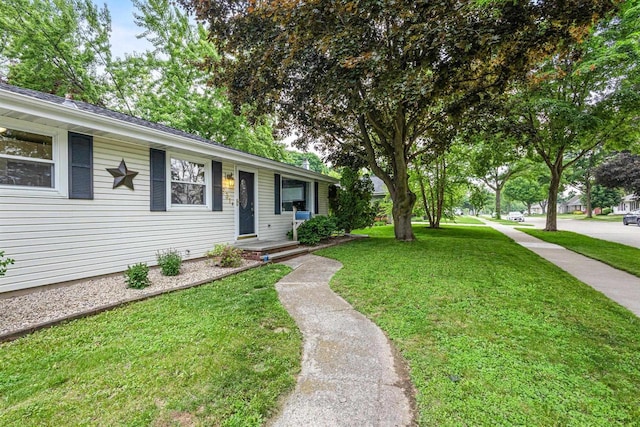 931 W Lindbergh St, Appleton, WI 54914 - single story home featuring a front yard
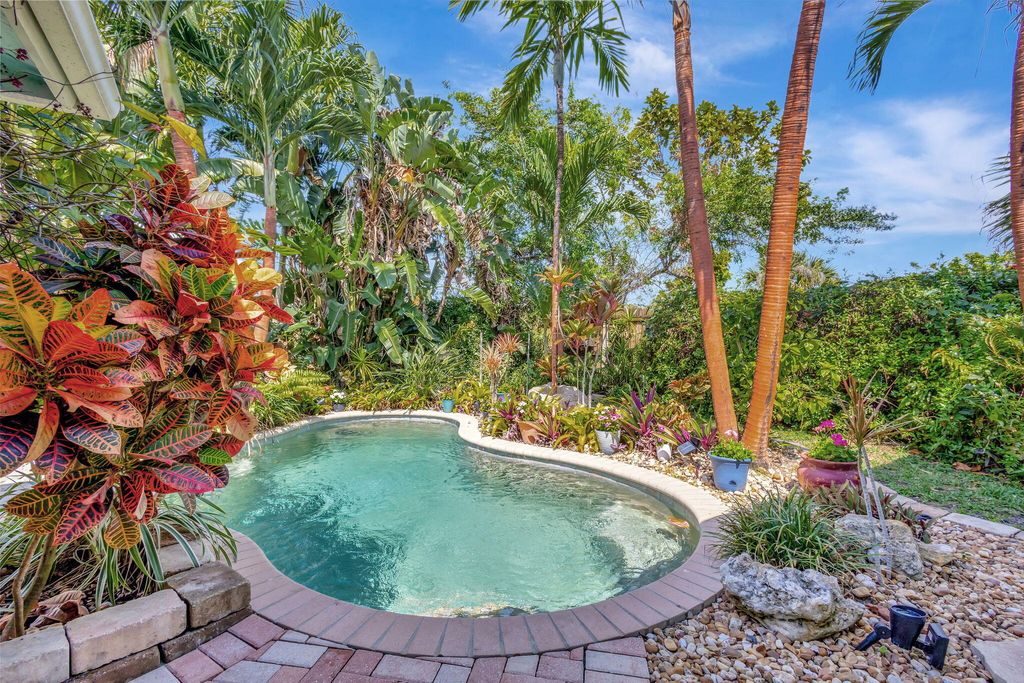 Photo of 142 Queens Lane, Royal Palm Beach, FL 33411 (MLS # R11075932)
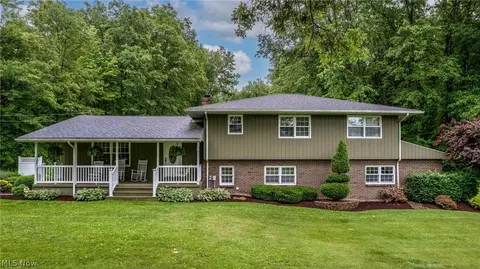 736 Braceville Robinson Rd NW, Newton Falls, OH 44444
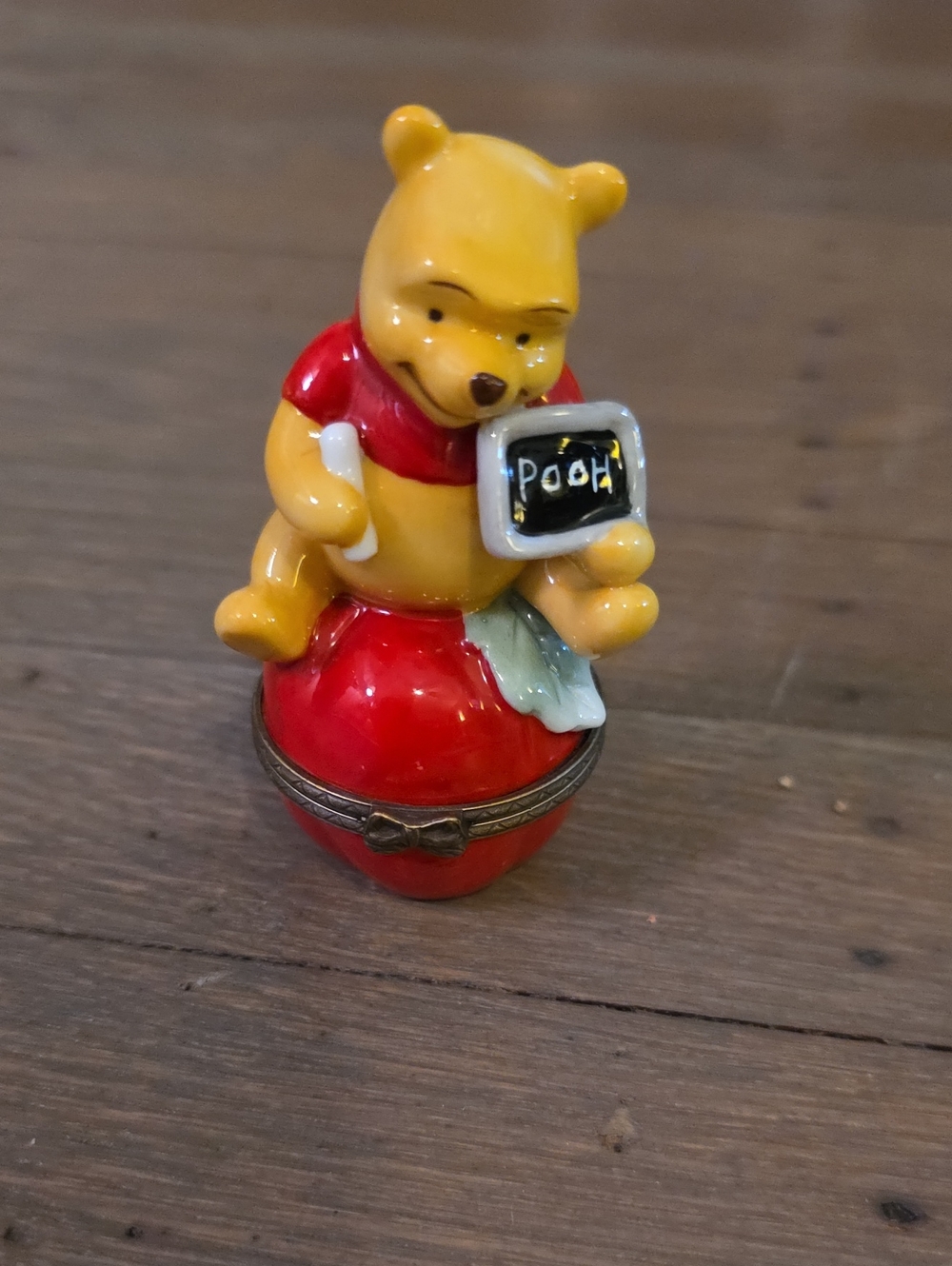 Disney Winnie the Pooh Trinket Box On Apple/ September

■ YOUR INSTRUCTIONS ■
Using the data above, write out every line exactly, leaving the images behind.

■ SOLUTION ■
 931 W Lindbergh St, Appleton, WI 54914 - single story home featuring a front yard
 Photo of 142 Queens Lane, Royal Palm Beach, FL 33411 (MLS # R11075932)
 736 Braceville Robinson Rd NW, Newton Falls, OH 44444
 Disney Winnie the Pooh Trinket Box On Apple/ September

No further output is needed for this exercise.